Briefly Noted Book Reviews

www.newyorker.com
3 min read
fairly difficult
"Chronicles from the Land of the Happiest People on Earth," by Wole Soyinka; "Savage Tongues," by Azareen Van Der Vliet Oloomi; "Three Girls from Bronzeville," by Dawn Turner; and "Home, Land, Security," by Carla Power.
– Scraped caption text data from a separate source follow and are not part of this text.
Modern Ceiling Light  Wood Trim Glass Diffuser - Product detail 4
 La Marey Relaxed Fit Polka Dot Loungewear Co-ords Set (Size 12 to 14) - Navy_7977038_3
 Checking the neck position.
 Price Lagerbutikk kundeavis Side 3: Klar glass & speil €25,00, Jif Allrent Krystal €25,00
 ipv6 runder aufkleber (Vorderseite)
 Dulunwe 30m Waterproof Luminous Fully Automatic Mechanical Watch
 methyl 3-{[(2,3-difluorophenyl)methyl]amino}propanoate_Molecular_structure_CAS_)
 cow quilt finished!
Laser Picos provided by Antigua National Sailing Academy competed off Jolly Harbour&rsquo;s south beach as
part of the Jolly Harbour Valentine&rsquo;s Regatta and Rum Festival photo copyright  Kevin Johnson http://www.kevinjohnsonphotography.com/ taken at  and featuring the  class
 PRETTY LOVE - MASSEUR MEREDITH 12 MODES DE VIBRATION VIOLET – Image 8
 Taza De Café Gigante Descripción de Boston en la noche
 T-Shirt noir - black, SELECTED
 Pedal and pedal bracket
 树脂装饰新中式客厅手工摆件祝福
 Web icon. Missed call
Chronicles from the Land of the Happiest People on Earth, by Wole Soyinka (Pantheon). The Nobel Prize-winning playwright's first novel in half a century is a riotous satire set in a thinly fictionalized Nigeria, where a "National Board of Happiness," comprising the media, the government, and organized religion, distracts the public from rampant corruption by bestowing titles of rococo dubiousness ("People's Steward," "Yeomen of the Year"). A celebrated surgeon and his engineer friend uncover a black market for human body parts which implicates the highest rungs of society. With caustic wit, Soyinka's carnivalesque depictions of venality ferret out hypocrisy from behind its elaborate guises and condemn crimes that challenge "the collective notion of soul."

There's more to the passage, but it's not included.